Pick one of: 1. Local Model Pack (recommended), or 2. Use Concept DB + Vocabulary pair. is a legacy MedCAT v1 option.
- Remote model service (
use_model_service) can be used where model inference is available at a remote url.model_service_url.
Tip
- Remote model service projects do not support interim train-on-submit updates.
- You cannot set Model Pack and CDB/Vocab at the same time.
Annotation Settings
| Field | Description |
|---|---|
| Require entity validation | If enabled, model suggestions must be explicitly reviewed before submit. |
| Train on submit | If enabled, validated annotations are used for incremental training on submit. |
| Add new entities | Allows users to add brand-new concepts. Should be used with caution as most concept Dbs will be relatively complete for most use cases. |
| Restrict concept lookup | Restricts concept search to project CUI filters. |
| Terminate available | Shows terminate action in annotation toolbar. |
| Irrelevant available | Shows irrelevant action in annotation toolbar. |
| Entity annotation comments | Enables free-text comments per annotation. |
Concept Filtering
| Field | Description |
|---|---|
| Incl. Sub-concepts | Include all concepts that are descendants to the selected concepts below. |
| Concept filter (optional) | Add concept filters to limit available concepts for annotation by specifying a list of CUIs (Concept Unique Identifiers). Only these concepts will be available when annotating. |
Member Setting
| Field | Description |
|---|---|
| Members | Add users to the project as annotators, administrators, or reviewers, controlling their access and editing permissions for this project. |
Model Pack Administration
Manage the available local MedCAT models that can be configured into annotation projects
- Open
/project-admin. - Go to the Model Packs tab and select + Add Model Pack OR a row to edit an existing model pack entry.

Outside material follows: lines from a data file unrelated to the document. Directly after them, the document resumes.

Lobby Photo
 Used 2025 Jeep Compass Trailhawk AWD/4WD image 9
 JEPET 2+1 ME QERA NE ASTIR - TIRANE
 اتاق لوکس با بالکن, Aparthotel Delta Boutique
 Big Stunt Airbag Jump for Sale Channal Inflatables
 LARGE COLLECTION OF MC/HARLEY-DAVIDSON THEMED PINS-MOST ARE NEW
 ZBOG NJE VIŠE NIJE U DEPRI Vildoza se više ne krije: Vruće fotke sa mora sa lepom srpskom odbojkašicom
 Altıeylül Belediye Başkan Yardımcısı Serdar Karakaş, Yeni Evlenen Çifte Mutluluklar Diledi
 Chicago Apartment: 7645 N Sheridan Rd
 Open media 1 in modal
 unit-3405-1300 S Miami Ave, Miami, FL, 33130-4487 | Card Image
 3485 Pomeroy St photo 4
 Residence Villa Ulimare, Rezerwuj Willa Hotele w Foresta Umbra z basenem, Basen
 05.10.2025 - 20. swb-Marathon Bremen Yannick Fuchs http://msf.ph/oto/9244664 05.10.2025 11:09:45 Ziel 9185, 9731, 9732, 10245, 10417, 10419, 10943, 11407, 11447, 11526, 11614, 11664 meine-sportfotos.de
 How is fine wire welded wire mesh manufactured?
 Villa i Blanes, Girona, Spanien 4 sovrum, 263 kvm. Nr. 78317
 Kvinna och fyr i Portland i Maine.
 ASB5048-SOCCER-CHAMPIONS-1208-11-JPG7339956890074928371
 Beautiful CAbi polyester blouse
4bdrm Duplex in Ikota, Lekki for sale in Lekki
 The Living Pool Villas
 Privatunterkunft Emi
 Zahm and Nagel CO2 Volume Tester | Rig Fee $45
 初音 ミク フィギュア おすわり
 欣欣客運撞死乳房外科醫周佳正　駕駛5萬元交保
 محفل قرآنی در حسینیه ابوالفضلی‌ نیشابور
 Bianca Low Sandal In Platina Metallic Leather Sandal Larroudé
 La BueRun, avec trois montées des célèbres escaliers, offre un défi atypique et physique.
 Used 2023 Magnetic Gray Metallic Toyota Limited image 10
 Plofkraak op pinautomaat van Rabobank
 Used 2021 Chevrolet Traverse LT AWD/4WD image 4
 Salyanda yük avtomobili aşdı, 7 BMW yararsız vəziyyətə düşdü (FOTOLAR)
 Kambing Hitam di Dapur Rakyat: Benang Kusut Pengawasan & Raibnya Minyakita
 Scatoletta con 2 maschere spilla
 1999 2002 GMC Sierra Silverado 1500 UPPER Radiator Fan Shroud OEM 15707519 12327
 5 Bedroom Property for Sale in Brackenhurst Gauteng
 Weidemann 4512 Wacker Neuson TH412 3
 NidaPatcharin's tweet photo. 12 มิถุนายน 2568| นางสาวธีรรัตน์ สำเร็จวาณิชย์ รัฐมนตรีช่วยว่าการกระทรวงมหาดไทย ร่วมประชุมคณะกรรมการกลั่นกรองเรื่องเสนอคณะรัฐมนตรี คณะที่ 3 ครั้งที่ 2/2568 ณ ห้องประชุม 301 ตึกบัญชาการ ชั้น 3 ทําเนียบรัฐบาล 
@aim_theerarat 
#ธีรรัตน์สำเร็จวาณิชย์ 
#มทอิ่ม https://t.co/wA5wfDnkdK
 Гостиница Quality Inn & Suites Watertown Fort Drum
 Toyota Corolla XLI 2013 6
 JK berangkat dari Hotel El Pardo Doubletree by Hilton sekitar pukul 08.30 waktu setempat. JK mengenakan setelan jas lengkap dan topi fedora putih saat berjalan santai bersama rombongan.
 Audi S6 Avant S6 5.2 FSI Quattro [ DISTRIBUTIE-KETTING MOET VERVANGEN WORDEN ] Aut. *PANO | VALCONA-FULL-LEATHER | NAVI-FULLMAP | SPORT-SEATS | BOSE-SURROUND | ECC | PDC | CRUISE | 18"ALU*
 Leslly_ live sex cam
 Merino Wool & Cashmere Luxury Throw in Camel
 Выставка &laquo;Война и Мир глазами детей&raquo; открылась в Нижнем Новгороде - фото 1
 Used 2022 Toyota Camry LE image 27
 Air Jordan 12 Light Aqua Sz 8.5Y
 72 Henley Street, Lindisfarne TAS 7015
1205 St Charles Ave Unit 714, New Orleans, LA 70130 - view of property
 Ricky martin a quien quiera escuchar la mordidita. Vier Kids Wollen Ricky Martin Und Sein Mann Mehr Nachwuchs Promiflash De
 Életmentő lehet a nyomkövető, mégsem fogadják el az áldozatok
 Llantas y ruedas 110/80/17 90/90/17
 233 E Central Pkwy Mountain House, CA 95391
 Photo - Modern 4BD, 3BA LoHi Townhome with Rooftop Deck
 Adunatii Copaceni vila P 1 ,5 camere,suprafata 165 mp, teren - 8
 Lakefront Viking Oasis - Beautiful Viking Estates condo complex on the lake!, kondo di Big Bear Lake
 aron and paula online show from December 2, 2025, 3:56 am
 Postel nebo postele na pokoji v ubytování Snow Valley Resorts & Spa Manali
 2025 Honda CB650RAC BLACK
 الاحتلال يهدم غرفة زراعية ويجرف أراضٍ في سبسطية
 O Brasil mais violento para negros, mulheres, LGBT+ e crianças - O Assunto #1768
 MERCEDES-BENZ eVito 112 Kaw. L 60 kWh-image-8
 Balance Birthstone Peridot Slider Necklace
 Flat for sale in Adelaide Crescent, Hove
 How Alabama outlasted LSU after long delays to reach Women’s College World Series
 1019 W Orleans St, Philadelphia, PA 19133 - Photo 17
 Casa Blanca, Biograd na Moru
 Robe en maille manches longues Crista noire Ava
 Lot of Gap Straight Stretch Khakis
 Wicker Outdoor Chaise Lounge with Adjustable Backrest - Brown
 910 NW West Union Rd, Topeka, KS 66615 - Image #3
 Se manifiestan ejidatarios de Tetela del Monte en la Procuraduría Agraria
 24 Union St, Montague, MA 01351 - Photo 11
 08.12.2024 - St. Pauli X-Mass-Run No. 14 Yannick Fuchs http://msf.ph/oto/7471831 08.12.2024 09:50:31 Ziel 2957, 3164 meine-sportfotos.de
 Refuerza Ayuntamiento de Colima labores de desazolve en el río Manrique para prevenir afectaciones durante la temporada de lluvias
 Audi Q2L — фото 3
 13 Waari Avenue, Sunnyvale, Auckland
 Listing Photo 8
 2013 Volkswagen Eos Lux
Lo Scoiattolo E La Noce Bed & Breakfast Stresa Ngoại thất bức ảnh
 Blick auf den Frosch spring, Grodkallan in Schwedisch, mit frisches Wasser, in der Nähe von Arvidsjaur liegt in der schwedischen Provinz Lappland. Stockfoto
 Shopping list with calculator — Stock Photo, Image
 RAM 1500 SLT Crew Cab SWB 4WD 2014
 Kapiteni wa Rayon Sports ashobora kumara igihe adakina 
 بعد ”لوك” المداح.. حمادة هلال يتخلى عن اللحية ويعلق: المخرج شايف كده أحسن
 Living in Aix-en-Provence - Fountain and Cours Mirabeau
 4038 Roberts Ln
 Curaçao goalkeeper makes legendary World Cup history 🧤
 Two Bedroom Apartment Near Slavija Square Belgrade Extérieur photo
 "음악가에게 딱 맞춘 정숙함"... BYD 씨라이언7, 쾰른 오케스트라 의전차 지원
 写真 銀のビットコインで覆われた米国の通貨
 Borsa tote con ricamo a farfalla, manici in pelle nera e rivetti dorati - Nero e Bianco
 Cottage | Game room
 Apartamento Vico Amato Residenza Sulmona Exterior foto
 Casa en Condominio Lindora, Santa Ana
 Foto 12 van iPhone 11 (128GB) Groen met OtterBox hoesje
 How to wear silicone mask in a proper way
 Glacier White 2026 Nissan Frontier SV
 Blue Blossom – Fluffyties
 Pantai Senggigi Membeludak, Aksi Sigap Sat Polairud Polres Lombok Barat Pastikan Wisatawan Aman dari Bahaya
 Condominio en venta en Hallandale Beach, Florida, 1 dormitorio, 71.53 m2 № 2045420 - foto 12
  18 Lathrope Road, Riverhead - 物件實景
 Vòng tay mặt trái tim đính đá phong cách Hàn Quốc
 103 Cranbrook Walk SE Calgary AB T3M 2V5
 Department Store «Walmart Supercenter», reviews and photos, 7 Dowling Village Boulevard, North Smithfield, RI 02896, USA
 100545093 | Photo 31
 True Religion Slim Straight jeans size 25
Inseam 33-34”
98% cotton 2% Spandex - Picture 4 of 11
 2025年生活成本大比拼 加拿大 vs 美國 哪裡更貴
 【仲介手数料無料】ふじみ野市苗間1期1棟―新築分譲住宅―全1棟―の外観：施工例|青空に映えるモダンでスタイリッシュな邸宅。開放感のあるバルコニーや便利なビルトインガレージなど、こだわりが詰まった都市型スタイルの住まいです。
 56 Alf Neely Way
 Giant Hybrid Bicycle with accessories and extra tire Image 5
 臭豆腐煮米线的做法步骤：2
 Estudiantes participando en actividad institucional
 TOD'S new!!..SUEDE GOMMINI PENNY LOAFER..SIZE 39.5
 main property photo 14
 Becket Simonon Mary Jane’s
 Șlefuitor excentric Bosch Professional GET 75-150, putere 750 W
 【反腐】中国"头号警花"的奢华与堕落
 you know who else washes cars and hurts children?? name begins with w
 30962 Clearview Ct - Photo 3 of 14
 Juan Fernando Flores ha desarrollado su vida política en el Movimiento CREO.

- Complete the forms for your project. Specifics of each field are discussed below.
- Save.
To delete a model pack, use the action button.
Tip
- Only model packs are shown here. Legacy ConceptDB, Vocabulary models are not availabe from
/project-admin/, they are only available from/admin/. - remote model service endpoints are directly entered as URLs within annotation projects
Dataset Administration
Manage the availalbe datasets that can be configured into annotation projects.
- Open
/project-admin. - Go to the Datasets tab and select + Add Dataset OR a row to edit a dataset entry.
- Complete the forms for your project. Specifics of each field are discussed below.
- Save.
Upload CSV or XLSX with at least:
| name | text |
|---|---|
| unique-doc-id | document text to annotate |
name should be unique per dataset.
Project list operations
From the home Projects table:
- Open and annotate a project.
- Run document preparation in the background.
- View model-loaded state and clear model cache.
- Save current model state.
- Select compatible projects and submit a metrics report.